The application of technology in tourism and hospitality services is growing each day. Using robots in hospitality establishments is becoming more and more popular, mainly because it can help cut labor costs, increase efficiency and reduce human contacts.
The hospitality and tourism industry was a late adopter of service robots because many tasks are required to respond to customers’ needs. Robotic services have been implemented in many hotels worldwide for errands such as check-in, vacuuming floors, conveying items to visitors, and attendant services. In the travel and tourism industry, robots perform various tasks, including preparing beverages, engaging visitors, guiding visitors, and providing data to visitors.
The Henn-na Hotel in Japan is one of the first in the field, with robots serving as the entire staff. In the last five years, hotels in the United States, such as Aloft Hotels and Hilton Hotels, have used robotic services.

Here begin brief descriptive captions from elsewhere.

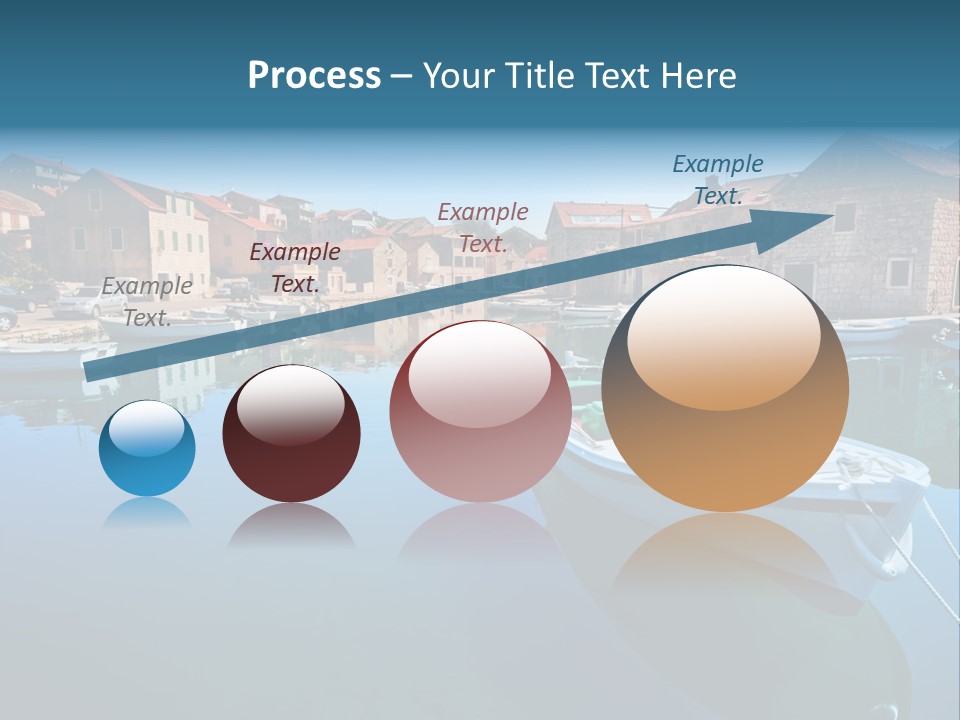 Travel Ancient House PowerPoint Template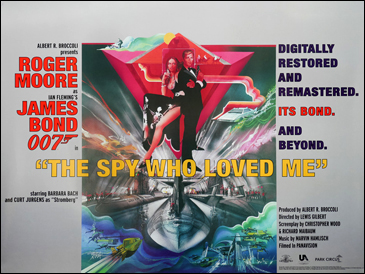 The Spy Who Loved Me Park Circus re-release (2008)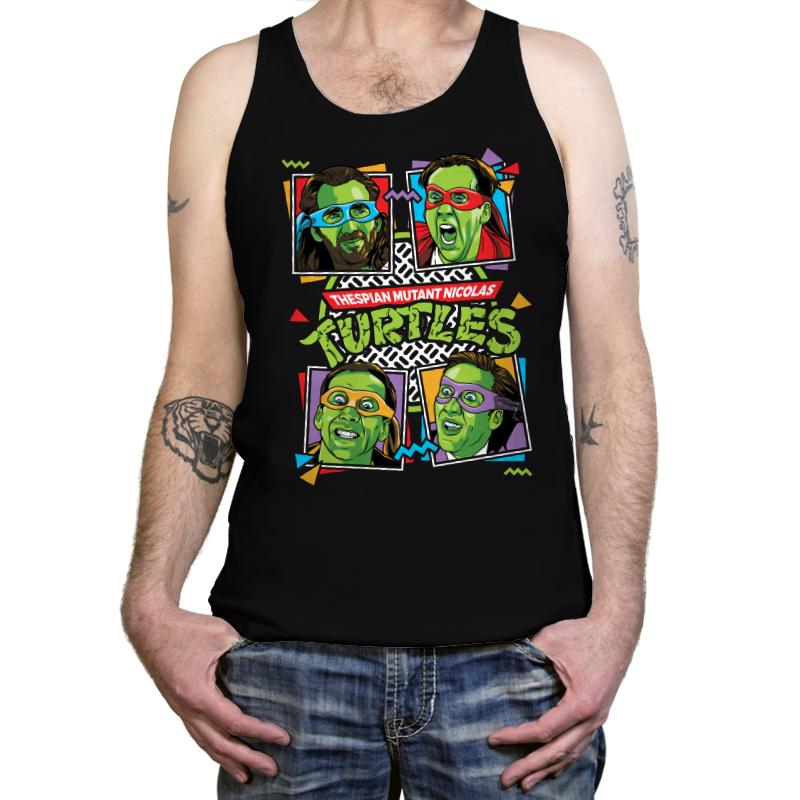 Thespian Mutant Nicolas Turtles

Back-office (for example, to control fluid when serving bar drinks) and front-office activities such as BellBot; and robots as receptionists, bellboys, exhibition hall guides, ‘attendants, maids, servers and barkeeps, gear stockpiling staff, conveyance robots, stewards, and room service help, chatbots and online customer care staff are all examples of how robots can be used in various help settings, jobs, and activities.
Robots perform other tasks like storing luggage, cooking omelets, delivering toiletries, greeting, providing information about local attractions, room delivery, riding elevators, playing music, dancing, removing trash, and changing linens.
Companies in the tourism and hospitality industries can use service robots to create physical separation. Robotic room service and cleaning, food/parcel delivery robots, autonomous vehicles, delivery drones, and other robots eliminate physical contact between tourists and employees, reducing the risk of infection.
The experience of the COVID-19 pandemic shows that as robots are not affected by the virus, robotic technology could be used efficiently and effectively for cleaning, disinfection, delivering food and medicines, and providing information about the pandemic to people (although a computer virus can infect them). Furthermore, suppose a guest is infected and must remain in the room under quarantine. In that case, a hotel can use robots to deliver food, linen, and other items without jeopardizing the staff’s health and safety.
Robots are also beneficial during the pandemic for helping nurses deliver food to patients. Otherwise, nurses have to wear protective suits, which take at least ten minutes. With robots, health risks for nurses are prevented, and they use their time for more important medical treatment tasks.
Service robots may help keep a high level of physical distancing, which helps provide a more secure service to tourists during a pandemic. People may be more concerned about their safety in a post-viral world, so robotics may become more common; safety and security may be one of the main factors influencing tourists’ choice of a destination and specific tourism/hospitality service provider.
A technological barrier provided by robots separates tourists and tourism/hospitality employees. As a “people business,” tourism heavily relies on human employees to provide services. Customer perceptions, service experience, and service quality are influenced by the service staff’s empathy, emotional intelligence, appearance, and efficiency.
As a result, the automation and robotization of tourism and hospitality services may result in the loss of important aspects of the customer experience. All in all, robotic services can improve guests’ intellectual, sensory, and behavioral experiences and these enhanced experiences lead to customers posting positive comments online.